Directions:
Output the data exactly, with every line intact.

Excerpts from a dataset:

--- START ---

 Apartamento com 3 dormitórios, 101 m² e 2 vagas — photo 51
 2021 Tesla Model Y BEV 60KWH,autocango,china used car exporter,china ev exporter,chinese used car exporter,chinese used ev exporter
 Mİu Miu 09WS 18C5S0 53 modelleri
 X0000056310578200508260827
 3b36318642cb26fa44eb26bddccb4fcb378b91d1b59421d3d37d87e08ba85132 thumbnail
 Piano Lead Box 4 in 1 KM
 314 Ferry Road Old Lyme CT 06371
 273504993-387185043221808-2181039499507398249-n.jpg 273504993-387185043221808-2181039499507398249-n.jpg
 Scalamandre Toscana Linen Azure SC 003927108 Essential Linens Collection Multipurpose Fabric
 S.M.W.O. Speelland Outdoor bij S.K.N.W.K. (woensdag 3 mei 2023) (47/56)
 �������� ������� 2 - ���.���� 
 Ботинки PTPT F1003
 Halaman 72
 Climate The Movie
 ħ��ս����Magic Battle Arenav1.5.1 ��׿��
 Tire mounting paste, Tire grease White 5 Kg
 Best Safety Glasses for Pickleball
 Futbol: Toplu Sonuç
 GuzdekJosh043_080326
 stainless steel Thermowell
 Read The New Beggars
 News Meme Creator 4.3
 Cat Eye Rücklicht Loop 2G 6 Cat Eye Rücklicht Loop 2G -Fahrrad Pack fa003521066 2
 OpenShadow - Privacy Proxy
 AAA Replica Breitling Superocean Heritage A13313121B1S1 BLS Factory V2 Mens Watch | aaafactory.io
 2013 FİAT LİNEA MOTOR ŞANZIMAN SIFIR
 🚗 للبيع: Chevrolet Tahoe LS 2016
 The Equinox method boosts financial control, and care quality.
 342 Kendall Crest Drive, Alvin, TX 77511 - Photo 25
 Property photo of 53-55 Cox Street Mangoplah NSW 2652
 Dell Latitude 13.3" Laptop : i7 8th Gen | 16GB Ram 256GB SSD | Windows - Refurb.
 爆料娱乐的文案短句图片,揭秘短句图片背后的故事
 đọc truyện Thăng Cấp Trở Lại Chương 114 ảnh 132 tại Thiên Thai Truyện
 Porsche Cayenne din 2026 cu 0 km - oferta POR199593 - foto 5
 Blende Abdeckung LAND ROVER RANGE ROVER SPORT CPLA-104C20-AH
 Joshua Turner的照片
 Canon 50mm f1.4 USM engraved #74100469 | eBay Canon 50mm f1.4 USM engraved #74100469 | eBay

--- END ---

Reply to the task:
 Apartamento com 3 dormitórios, 101 m² e 2 vagas — photo 51
 2021 Tesla Model Y BEV 60KWH,autocango,china used car exporter,china ev exporter,chinese used car exporter,chinese used ev exporter
 Mİu Miu 09WS 18C5S0 53 modelleri
 X0000056310578200508260827
 3b36318642cb26fa44eb26bddccb4fcb378b91d1b59421d3d37d87e08ba85132 thumbnail
 Piano Lead Box 4 in 1 KM
 314 Ferry Road Old Lyme CT 06371
 273504993-387185043221808-2181039499507398249-n.jpg 273504993-387185043221808-2181039499507398249-n.jpg
 Scalamandre Toscana Linen Azure SC 003927108 Essential Linens Collection Multipurpose Fabric
 S.M.W.O. Speelland Outdoor bij S.K.N.W.K. (woensdag 3 mei 2023) (47/56)
 �������� ������� 2 - ���.���� 
 Ботинки PTPT F1003
 Halaman 72
 Climate The Movie
 ħ��ս����Magic Battle Arenav1.5.1 ��׿��
 Tire mounting paste, Tire grease White 5 Kg
 Best Safety Glasses for Pickleball
 Futbol: Toplu Sonuç
 GuzdekJosh043_080326
 stainless steel Thermowell
 Read The New Beggars
 News Meme Creator 4.3
 Cat Eye Rücklicht Loop 2G 6 Cat Eye Rücklicht Loop 2G -Fahrrad Pack fa003521066 2
 OpenShadow - Privacy Proxy
 AAA Replica Breitling Superocean Heritage A13313121B1S1 BLS Factory V2 Mens Watch | aaafactory.io
 2013 FİAT LİNEA MOTOR ŞANZIMAN SIFIR
 🚗 للبيع: Chevrolet Tahoe LS 2016
 The Equinox method boosts financial control, and care quality.
 342 Kendall Crest Drive, Alvin, TX 77511 - Photo 25
 Property photo of 53-55 Cox Street Mangoplah NSW 2652
 Dell Latitude 13.3" Laptop : i7 8th Gen | 16GB Ram 256GB SSD | Windows - Refurb.
 爆料娱乐的文案短句图片,揭秘短句图片背后的故事
 đọc truyện Thăng Cấp Trở Lại Chương 114 ảnh 132 tại Thiên Thai Truyện
 Porsche Cayenne din 2026 cu 0 km - oferta POR199593 - foto 5
 Blende Abdeckung LAND ROVER RANGE ROVER SPORT CPLA-104C20-AH
 Joshua Turner的照片
 Canon 50mm f1.4 USM engraved #74100469 | eBay Canon 50mm f1.4 USM engraved #74100469 | eBay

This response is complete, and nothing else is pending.